--- START ---

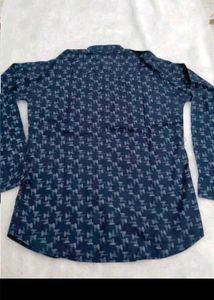 Navy blue Stylish Men's shirt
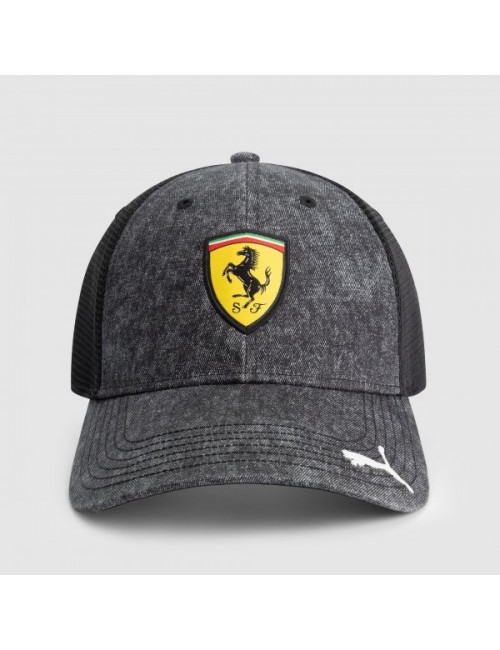 Casquette officielle Scuderia Ferrari FW Trucker Cap-Magickart
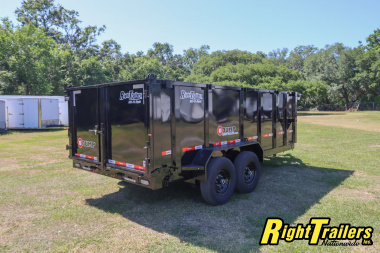 New 2025 7X16 U-DUMP Dump Trailer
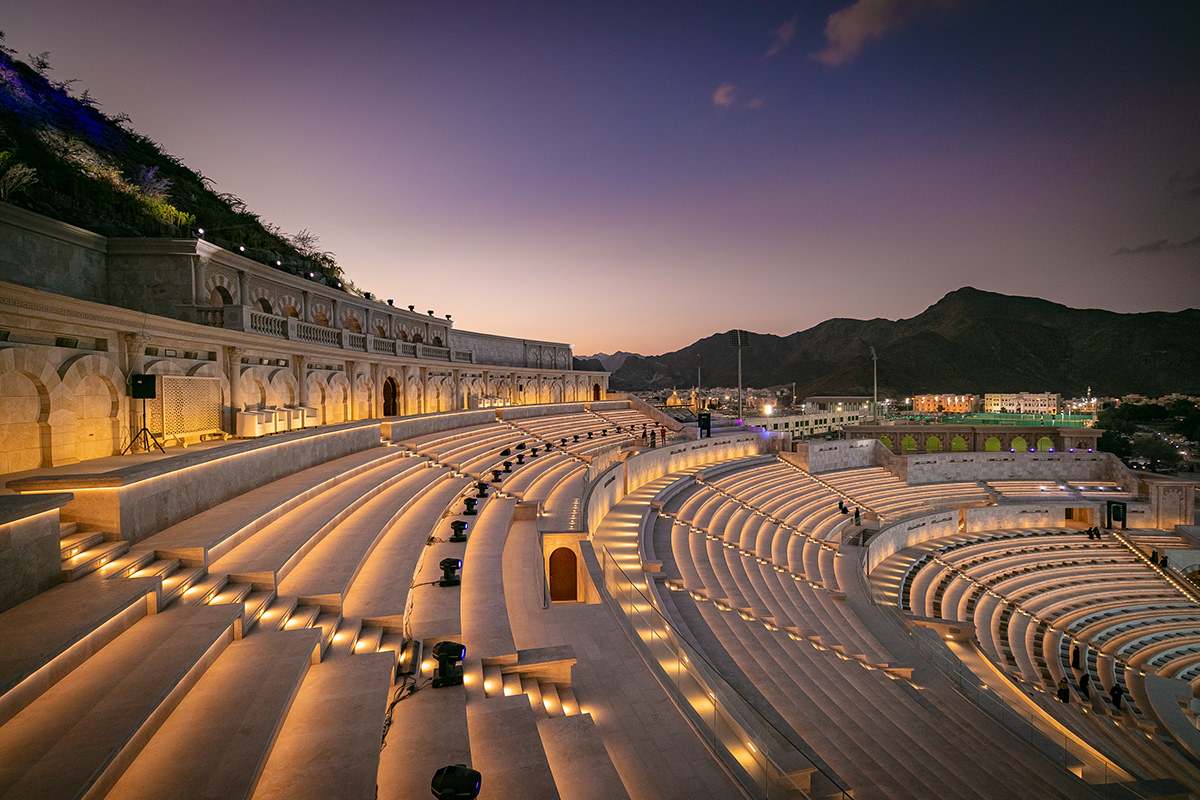 豪尔费坎圆形剧场丨阿联酋沙迦丨Anastasiya Gushchina-5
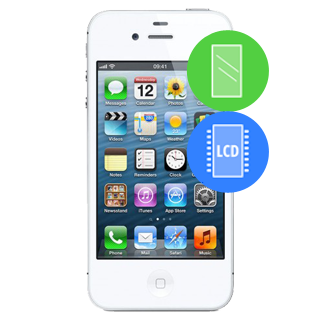 /Iphone 4S Remplacement vitre / LCD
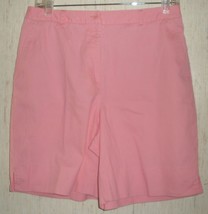 Excellent Womens Charter Club Golf Collection Pink Shorts Size 8 - £18.64 GBP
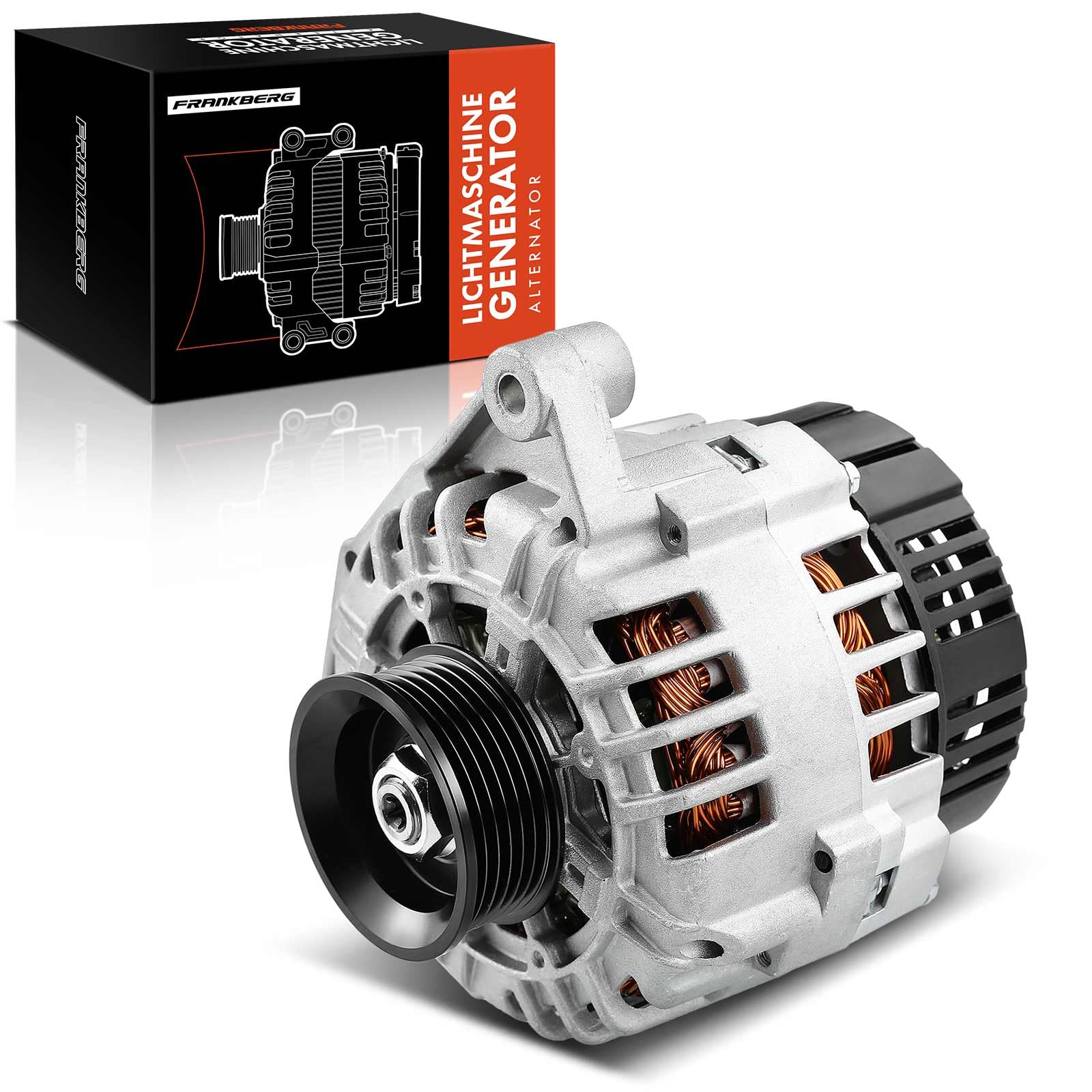 Frankberg Alternator alternator alternator generator kompatybilny z A4 1,8L-3,0L 1998-2006 A6 2,4L-3,0L 1998-2006 A8 2,5L-3,0L 1998-2005 Allroad P.a.t Superb I Replace# 07890900 3016H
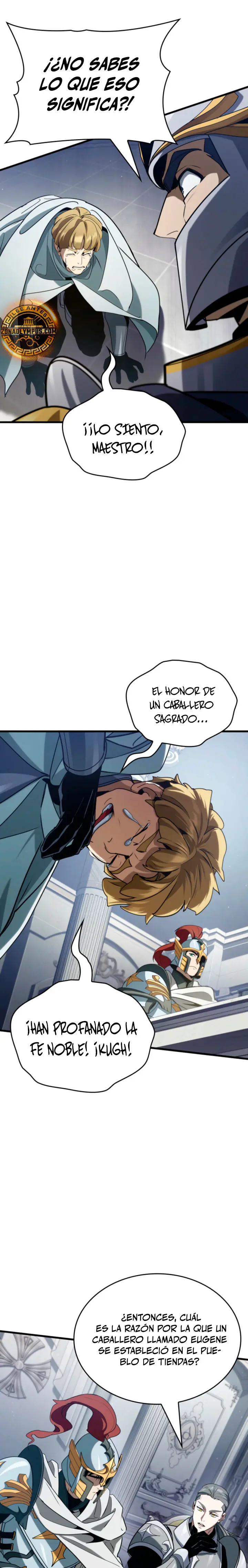 Viviendo como un Lord Vampiro Capitulo 45 página 16
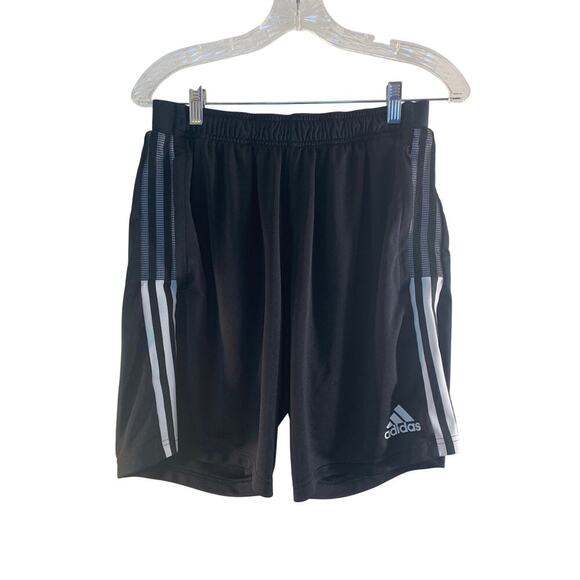 ADIDAS Boy’s Athletic Aeroready Shorts / Size: Large - Picture 1 of 8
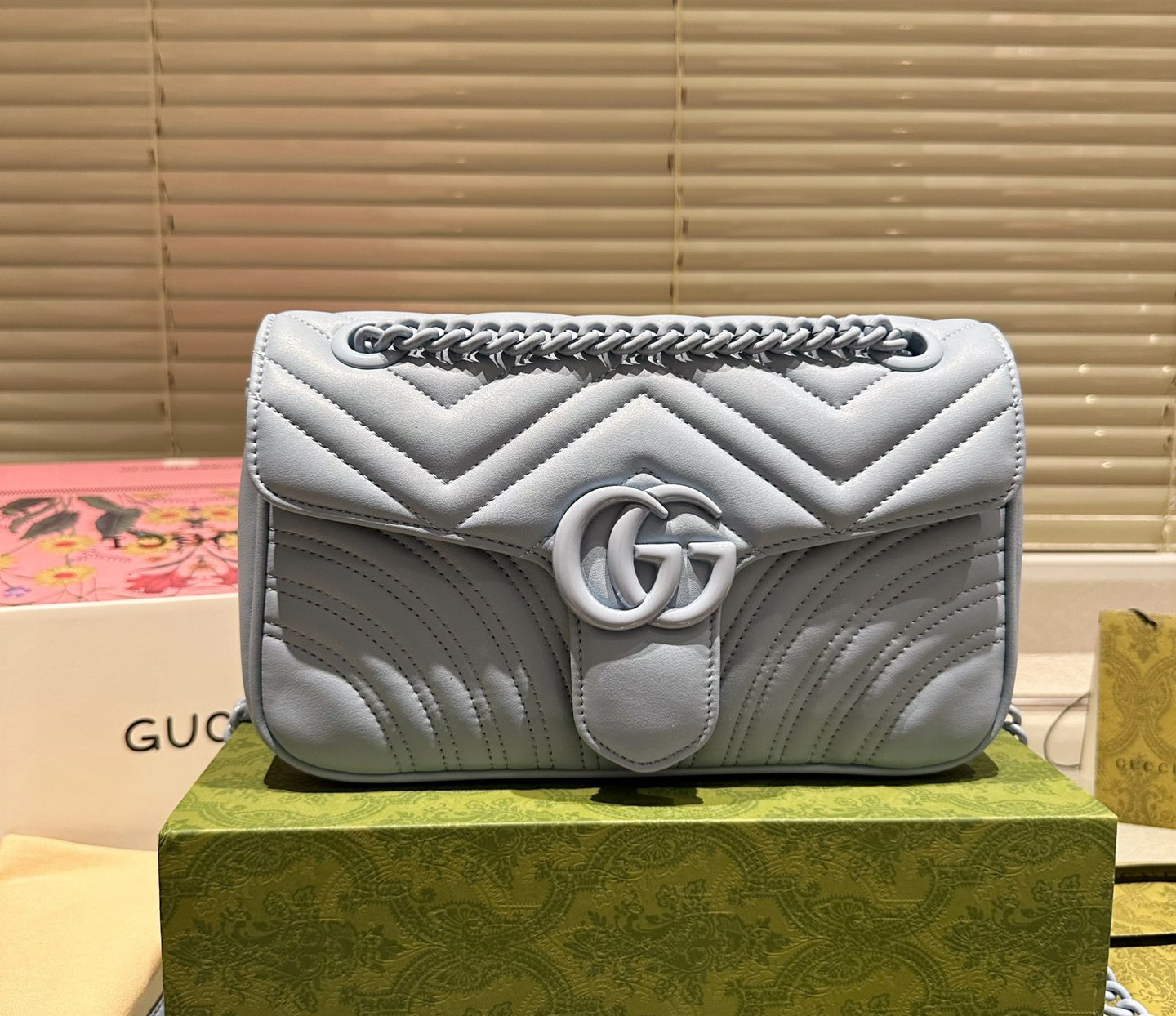Gucci GG Marmont Small & Mini Shoulder Bag-Red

--- END ---

Take the records above and transcribe them exactly, dropping every picture.

 Navy blue Stylish Men's shirt
 Casquette officielle Scuderia Ferrari FW Trucker Cap-Magickart
 New 2025 7X16 U-DUMP Dump Trailer
 豪尔费坎圆形剧场丨阿联酋沙迦丨Anastasiya Gushchina-5
 /Iphone 4S Remplacement vitre / LCD
 Excellent Womens Charter Club Golf Collection Pink Shorts Size 8 - £18.64 GBP
 Frankberg Alternator alternator alternator generator kompatybilny z A4 1,8L-3,0L 1998-2006 A6 2,4L-3,0L 1998-2006 A8 2,5L-3,0L 1998-2005 Allroad P.a.t Superb I Replace# 07890900 3016H
 Viviendo como un Lord Vampiro Capitulo 45 página 16
 ADIDAS Boy’s Athletic Aeroready Shorts / Size: Large - Picture 1 of 8
Gucci GG Marmont Small & Mini Shoulder Bag-Red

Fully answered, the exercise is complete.